Devlog 9: Ferns, Forts, and Financially Irresponsible Bandits


Programming

Camera Wrangling and UI Polish

This sprint was all about final touches and fixing the stuff that kept falling apart when you looked at it funny. The camera—our old, rebellious friend—has finally been whipped into shape. No more wild pans, surprise zooms, or getting distracted by the scenery while you’re in the middle of combat. It now tracks the action like it’s actually trying to help, which is nice.

UI also got its moment in the spotlight. Most of it was small stuff—alignment tweaks, smoother transitions, and making sure the buttons don’t sulk when hovered—but it adds up. Everything’s snappier, cleaner, and just generally more pleasant to click.

And of course, bugfixing. Always bugfixing. This time, the camera was the main troublemaker—clipping through geometry, losing the player, and occasionally deciding it wanted to live in the floor.
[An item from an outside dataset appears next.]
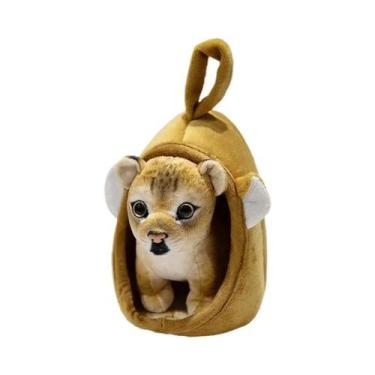Imagem de Brinquedo De Pelúcia Kawaii De Animais 18CM, Tigre, Leão, Leopardo, Bo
But with enough persistence (and enough coffee), those issues are now under control.

Art

After weeks of chaos, whiteboxes, and “imagine if this had textures,” the forest is finally real—and it's gorgeous. We’re talking full-on fantasy postcard vibes, the kind of lush summer ruins that make you want to throw on some armor and immediately get mugged by a bandit. Which is great, because that’s basically the game now.

The world is done. The bridge has actual wood. The ruins look appropriately ruined. And the bandits? Still angry. Still rich. No one knows why they’re hoarding chests full of gold in the woods, but hey, our goblins aren’t here to ask questions—they’re here to loot, scoot, and occasionally get yeeted.


To really sell the vibe, we tossed in the last batch of assets—more weapons, spooky cages, and suspicious piles of loot. Basically everything you need to convince the player that yes, this is a bandit camp, and no, you are not welcome here.

Ruins, But Make It Fashion

We finally ditched the whiteboxes pretending to be castle walls and gave them proper textures, shapes, and that slightly haunted, cozy charm you’d expect from long-forgotten human settlements. If it’s broken, pointy, and vaguely medieval—it’s probably in the game now.


A Shower of Arrows Never Looked So Good

Speaking of things falling from the sky that want you dead—the Archer’s VFX are in. Now you can be obliterated by sparkly arrow rain or shot clean across the map by a glowing sniper bolt. Finally, some aesthetic danger.



So yeah, the world’s looking good, it’s stuffed with visual details, and it almost makes you forget the place is crawling with bandits trying to punch your head off. Almost.

Looking forward to polish week, where we’ll make everything smoother, shinier, and hopefully optimized enough to run on your grandma’s Windows 98. Wish us luck.